I just invested in a border planting of Gansu Tree Peonies. All of the Peonies are being treated the same but some look very healthy while 3 are seriously declining. Haven’t been able to figure out the cause.

Details below. Also included one pic of a healthy shrub and a few of the declining ones.

Any idea what the issue should be and how I could correct? Transplant stress I should wait out? Is it a fungus/sickness I should treat? Planting depth? Too much/little water? Get them out of that spot? Other?

Any help would be greatly appreciated.

Thanks,

Michael

-

Details

* I'm in CT about a mile from the coast of the sound. Zone 6.

* I'm told the tree peonies are about 10 years old and they are on their own root (though most still have the herbaceous graft as well)
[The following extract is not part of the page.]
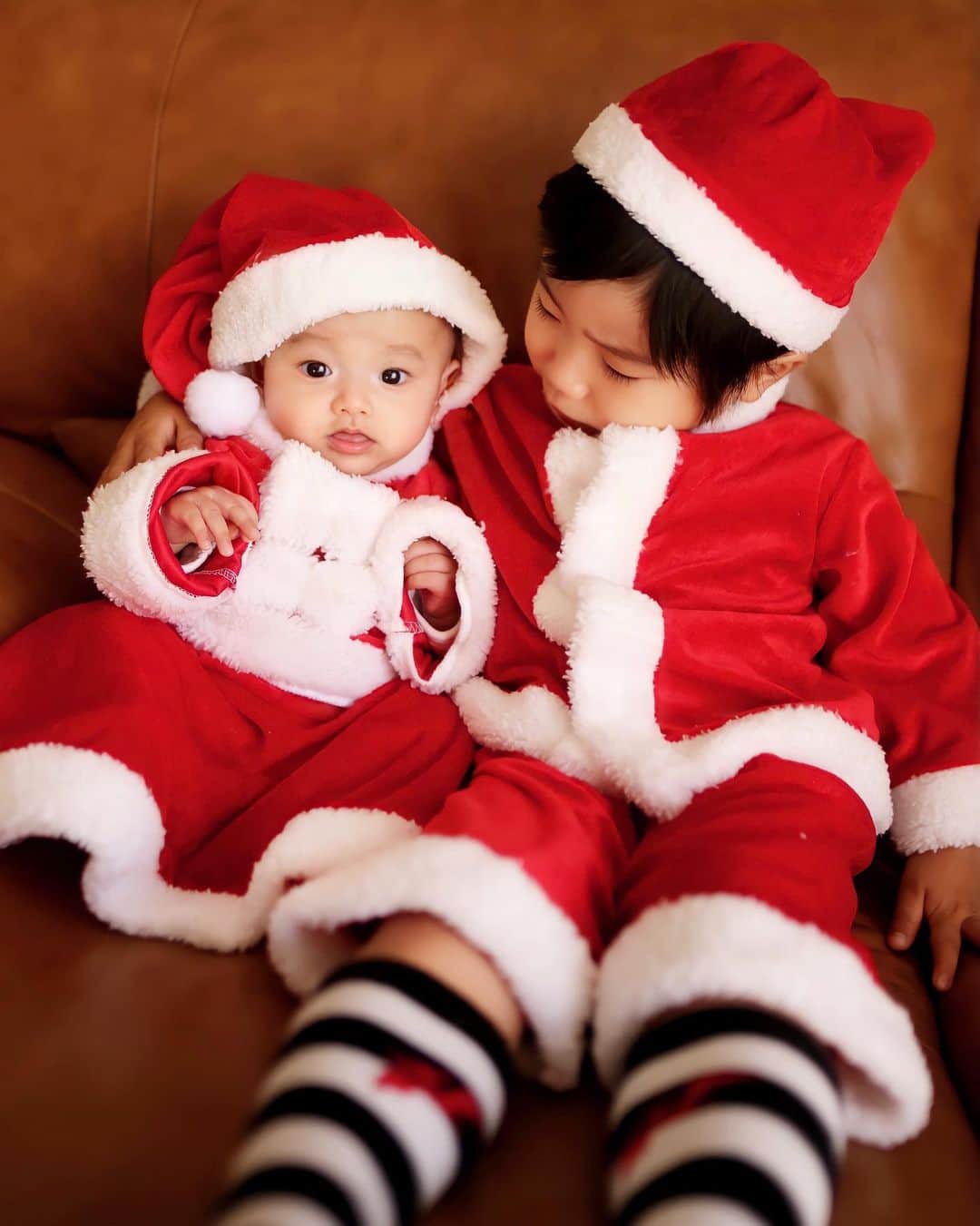 amiさんのインスタグラム写真 - (amiInstagram)「Happy christmas  ． 明日はクリスマス🎄🎅 息子も娘も、christmasを 楽しみ〜にしてるよ♡  最近は息子は、お兄ちゃんっぽく なって、娘を今まで以上に 大切にしてくれてます💓  赤ちゃんがえりすることも あるけどね🥲🌿  2人とも、クリスマスプレゼント 楽しみにしてる〜❤️  ． さてさて、自分へのプレゼントは ずっと愛用している @fujimi_official の パーソナライズサプリ🌿 ﻿  美容診断で質問に答えて、自分に足りてない 栄養素や、肌の悩みに合わせて、理想の お肌に近づけるよう11種類から5つの サプリメントをパーソナライズしてくれる  飲むスキンケアです♡  ﻿もう4回目くらいかな⁉️ 愛用してますよ〜♡ これで、しっかりケアしよ♡  1回分ずつ個包装にしてくれてるので 飲みやすくておススメです💕  クリスマス楽しみですね〜♡  ． ﻿ #クリスマス#christmas #兄妹#女の子#男の子#サンタコスチューム#子供のいる暮らし#クリスマスフォト#息子と娘#PR #FUJIMI #美容 #カスタマイズサプリ#パーソナライズサプリ #私のクリスマスメモリー#銀座三越クリスマス2020」12月23日 18時50分 - amikuma1219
* Planted in winter. Had to pretty much break through frozen layer of ground to get them in. This is the first spring I've had them. Over last several weeks a few of the peonies have been wilting and their leaves have been shriveling at the edges. The most severe case is a division I took from a larger Peony

* At the sellers direction planted in a deep hole (3'x3') with equal parts mix of native soil, compost, and stone dust. Also tossed in a handful of lime to bring the Ph in range. Top dressed with mushroom compost as a mulch this spring and added some light general purpose fertilizer

* All the peonies leafed out (though some better than others). The healthiest ones had a few small flowers. As I understand, that is a poor showing for their age, but not unexpected given the recent stresses of being transplanted

* We've had a very wet spring with several weeks with 2”+ rain. Drip irrigation is set up to drench them infrequently (1x a week) but it has been turned off until recently.

* There is a walnut nearby. The closest Peony is probably about 15' from it. But the walnut leans steeply away from the plantings over a fence so no litter falls near the peonies. My research found that 'some peonies' have issues with juglone. But no one says which varieties nor mentions tree peonies. When planting I showed the seller the walnut and she didn't think it would be an issue.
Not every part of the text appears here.